Lançado de forma independente, como 99% da cena alternativa, o álbum propõe uma travessia por camadas estéticas, sociais e espirituais, escapando dos clichês do rap mainstream e apostando numa poética que atravessa o cotidiano com o peso da história. Tarefa nada fácil, que causa estragos pelo caminho, com dúvidas, dívidas e muitas rimas que marcam o território de onde vem a criatividade da dupla.

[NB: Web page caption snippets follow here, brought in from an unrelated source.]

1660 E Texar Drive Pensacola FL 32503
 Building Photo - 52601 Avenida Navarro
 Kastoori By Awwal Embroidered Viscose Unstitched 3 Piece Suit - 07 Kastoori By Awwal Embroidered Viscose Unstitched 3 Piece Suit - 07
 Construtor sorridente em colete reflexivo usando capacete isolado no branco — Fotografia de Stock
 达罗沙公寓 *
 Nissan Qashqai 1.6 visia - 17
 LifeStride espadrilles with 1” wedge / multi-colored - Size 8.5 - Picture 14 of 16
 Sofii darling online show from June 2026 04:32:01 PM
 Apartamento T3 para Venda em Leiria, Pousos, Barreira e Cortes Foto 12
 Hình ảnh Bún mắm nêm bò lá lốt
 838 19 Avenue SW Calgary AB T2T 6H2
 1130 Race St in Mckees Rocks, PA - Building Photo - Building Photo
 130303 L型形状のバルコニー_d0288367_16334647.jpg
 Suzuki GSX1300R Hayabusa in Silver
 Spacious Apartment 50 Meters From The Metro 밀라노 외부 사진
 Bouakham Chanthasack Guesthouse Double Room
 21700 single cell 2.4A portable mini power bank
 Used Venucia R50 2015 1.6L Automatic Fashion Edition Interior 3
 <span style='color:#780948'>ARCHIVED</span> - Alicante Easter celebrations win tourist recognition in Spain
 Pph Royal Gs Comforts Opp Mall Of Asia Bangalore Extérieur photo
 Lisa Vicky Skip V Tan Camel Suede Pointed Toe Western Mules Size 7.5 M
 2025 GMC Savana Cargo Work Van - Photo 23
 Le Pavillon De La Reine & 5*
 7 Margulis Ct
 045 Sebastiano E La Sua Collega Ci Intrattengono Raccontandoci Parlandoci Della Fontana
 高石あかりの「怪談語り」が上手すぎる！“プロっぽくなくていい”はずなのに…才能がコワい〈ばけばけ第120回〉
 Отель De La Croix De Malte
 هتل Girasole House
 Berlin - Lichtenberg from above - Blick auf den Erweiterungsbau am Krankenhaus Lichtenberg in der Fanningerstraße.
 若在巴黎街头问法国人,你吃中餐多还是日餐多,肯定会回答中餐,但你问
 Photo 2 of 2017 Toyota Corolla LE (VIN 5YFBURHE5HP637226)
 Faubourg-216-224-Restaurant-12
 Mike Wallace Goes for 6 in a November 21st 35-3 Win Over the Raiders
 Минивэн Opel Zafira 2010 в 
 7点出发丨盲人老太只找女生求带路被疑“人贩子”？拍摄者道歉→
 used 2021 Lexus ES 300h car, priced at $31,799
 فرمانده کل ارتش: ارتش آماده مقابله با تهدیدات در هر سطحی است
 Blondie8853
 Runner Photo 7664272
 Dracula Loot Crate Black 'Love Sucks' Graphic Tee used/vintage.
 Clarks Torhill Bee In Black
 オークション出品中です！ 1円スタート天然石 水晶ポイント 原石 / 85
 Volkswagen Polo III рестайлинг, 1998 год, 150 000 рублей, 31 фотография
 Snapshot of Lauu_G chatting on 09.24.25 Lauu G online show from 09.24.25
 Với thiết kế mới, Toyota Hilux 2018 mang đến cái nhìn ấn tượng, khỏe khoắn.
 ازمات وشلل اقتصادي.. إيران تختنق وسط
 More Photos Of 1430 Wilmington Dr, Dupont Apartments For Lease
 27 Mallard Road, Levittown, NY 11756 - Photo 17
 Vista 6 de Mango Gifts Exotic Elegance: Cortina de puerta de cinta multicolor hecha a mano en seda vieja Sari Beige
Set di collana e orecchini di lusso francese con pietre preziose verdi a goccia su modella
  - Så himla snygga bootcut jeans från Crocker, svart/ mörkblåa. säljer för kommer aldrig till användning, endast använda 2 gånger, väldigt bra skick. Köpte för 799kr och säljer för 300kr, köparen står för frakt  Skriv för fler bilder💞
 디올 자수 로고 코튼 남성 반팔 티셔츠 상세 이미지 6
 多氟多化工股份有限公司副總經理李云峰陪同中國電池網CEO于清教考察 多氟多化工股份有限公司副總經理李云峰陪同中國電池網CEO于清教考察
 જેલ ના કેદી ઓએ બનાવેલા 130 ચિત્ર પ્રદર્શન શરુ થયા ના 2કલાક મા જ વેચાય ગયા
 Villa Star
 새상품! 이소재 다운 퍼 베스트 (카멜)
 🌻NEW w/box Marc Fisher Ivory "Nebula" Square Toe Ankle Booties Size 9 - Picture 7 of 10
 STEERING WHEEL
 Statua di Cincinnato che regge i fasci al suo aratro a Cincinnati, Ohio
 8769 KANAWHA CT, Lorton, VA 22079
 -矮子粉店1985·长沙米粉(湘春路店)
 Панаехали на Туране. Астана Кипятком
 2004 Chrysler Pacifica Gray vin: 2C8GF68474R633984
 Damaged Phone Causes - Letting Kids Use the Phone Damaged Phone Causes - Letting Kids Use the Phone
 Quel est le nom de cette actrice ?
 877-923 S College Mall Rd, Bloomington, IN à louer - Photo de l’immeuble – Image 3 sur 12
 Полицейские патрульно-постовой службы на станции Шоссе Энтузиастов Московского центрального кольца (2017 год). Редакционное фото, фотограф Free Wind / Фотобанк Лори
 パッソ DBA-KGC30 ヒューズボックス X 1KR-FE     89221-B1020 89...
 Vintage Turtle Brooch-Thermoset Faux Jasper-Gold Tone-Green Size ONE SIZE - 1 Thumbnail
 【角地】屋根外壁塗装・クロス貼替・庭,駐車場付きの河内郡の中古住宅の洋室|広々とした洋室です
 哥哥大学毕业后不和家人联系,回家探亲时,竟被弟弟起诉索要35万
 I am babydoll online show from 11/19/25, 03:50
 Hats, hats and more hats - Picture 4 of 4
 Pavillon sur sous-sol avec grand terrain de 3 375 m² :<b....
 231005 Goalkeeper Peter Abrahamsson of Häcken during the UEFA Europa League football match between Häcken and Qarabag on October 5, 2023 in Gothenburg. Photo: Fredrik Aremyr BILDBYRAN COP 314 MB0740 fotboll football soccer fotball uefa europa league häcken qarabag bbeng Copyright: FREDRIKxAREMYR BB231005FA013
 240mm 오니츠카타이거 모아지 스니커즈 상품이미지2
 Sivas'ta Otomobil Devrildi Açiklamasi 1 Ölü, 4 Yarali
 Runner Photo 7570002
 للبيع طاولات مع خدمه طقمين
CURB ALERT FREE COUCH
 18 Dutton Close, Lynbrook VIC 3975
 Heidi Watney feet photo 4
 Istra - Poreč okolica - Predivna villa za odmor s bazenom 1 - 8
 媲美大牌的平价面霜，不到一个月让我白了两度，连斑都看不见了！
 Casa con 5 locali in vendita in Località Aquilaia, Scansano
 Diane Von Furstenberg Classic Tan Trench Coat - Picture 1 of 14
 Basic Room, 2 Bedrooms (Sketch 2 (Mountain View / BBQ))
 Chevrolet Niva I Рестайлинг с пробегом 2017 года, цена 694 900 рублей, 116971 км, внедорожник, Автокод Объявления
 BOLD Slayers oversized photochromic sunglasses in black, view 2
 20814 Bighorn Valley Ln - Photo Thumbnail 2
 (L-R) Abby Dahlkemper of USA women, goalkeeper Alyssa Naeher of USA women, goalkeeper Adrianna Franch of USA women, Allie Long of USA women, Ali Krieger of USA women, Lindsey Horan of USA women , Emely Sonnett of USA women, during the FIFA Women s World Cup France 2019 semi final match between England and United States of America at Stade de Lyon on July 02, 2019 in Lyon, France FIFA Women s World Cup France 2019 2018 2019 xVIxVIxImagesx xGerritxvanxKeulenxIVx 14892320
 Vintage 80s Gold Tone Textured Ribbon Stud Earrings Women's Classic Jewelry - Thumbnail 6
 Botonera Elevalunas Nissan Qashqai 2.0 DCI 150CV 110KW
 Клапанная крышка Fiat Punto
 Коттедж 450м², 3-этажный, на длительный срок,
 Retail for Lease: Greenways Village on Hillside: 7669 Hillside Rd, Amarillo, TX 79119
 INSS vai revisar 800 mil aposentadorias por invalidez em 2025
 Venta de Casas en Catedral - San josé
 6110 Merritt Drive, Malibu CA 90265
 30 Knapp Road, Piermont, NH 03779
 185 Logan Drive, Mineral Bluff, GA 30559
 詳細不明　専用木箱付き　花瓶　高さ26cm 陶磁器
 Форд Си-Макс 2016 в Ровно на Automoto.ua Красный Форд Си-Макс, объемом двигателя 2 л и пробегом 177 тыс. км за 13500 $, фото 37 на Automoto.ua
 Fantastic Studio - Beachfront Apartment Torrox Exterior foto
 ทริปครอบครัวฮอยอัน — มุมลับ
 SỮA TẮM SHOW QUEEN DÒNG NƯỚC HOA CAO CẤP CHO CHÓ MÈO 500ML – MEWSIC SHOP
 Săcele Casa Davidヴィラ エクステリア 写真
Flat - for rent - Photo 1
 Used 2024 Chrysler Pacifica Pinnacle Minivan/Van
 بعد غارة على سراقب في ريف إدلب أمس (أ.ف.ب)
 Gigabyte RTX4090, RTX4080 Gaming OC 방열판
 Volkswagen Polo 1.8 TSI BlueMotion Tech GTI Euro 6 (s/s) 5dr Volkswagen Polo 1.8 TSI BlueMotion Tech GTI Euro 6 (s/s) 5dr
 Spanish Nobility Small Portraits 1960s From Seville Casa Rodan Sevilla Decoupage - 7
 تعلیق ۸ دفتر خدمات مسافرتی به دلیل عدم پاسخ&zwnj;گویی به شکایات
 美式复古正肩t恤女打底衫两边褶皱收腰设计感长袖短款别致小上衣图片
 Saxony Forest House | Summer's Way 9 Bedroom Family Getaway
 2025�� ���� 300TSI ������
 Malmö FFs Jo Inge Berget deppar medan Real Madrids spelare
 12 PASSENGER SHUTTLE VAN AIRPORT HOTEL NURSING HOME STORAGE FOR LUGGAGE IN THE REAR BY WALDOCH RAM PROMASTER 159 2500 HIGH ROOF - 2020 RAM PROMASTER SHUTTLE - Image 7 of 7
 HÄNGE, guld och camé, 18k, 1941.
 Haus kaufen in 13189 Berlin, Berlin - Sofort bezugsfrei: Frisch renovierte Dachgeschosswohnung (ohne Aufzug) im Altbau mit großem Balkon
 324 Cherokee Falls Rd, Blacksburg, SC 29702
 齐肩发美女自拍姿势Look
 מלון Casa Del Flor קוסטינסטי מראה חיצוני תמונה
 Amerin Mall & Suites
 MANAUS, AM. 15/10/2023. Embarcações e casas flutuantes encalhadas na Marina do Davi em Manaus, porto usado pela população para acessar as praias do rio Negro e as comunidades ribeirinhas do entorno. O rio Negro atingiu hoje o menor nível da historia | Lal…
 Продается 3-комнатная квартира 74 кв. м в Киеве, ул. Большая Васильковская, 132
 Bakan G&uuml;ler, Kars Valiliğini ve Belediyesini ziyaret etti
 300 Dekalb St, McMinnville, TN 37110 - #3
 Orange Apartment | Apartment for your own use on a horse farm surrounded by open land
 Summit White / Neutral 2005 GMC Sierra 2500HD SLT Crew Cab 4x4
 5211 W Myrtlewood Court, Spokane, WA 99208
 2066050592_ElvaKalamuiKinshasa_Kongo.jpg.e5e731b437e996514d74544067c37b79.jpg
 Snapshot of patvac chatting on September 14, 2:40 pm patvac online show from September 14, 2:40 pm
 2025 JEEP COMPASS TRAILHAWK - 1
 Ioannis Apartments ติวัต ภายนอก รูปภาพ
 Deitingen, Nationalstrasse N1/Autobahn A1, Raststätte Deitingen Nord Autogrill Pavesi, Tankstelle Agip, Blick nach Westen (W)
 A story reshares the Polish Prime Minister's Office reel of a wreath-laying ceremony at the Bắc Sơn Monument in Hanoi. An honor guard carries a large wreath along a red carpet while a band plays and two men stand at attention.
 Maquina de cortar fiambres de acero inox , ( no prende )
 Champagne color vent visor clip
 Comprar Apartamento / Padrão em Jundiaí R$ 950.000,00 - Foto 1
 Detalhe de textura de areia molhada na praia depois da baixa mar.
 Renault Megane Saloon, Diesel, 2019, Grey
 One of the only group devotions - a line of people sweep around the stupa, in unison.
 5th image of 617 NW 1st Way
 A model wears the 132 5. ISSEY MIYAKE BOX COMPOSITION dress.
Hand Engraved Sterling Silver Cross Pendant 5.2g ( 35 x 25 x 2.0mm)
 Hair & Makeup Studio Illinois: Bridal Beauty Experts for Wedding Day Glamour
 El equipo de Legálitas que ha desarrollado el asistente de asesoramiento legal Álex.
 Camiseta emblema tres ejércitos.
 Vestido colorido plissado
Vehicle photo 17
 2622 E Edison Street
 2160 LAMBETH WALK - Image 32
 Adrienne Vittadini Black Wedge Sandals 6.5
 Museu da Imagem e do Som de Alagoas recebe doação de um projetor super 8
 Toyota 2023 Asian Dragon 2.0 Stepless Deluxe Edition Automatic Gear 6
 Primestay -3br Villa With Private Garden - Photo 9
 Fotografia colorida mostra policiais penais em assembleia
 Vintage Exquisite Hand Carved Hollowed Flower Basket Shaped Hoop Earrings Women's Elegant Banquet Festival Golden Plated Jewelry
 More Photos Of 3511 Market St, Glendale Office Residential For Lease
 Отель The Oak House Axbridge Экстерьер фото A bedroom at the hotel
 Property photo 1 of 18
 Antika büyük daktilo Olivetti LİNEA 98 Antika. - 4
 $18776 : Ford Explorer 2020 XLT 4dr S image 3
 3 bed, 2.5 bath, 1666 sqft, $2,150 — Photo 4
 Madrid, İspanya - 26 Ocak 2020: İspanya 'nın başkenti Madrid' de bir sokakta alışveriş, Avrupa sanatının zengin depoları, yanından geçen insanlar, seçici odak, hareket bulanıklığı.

“Minha cultura é protesto”, frase que corta e ecoa em um dos versos que sintetiza a postura do álbum: crítica ao sistema, afirmação identitária e lirismo do gueto atual. Não há novidade no que se é falado, Infelizmente, os temas abordados, como racismo, desigualdade, violência de Estado, ainda nos perturbam e nos matam. A cura proposta é também conhecida entre os grupos marginalizados neste país: espiritualidade, ancestralidade e autoconhecimento, peças e formas que se encadeiam na rotação e na intervenção física e mística dos toco-discos, numa manipulação sonora com falas dos que vieram antes e continuam conosco.
Em Tertúlia, DJ EB é o hip hop que muitos ignoram atualmente. Misturando boom bap, colagens abstratas e beats e samples fatiados em caminhos psicodélicos, ele constrói um universo sonoro cinematográfico. Como se tivesse sido gravado numa encruzilhada, as tracks do álbum são velas acesas que guiam, iluminam e dão certa proteção. Cada faixa evoca o espírito das rodas de freestyle e das cerimônias espirituais que moldam a alma de parte do povo preto brasileiro.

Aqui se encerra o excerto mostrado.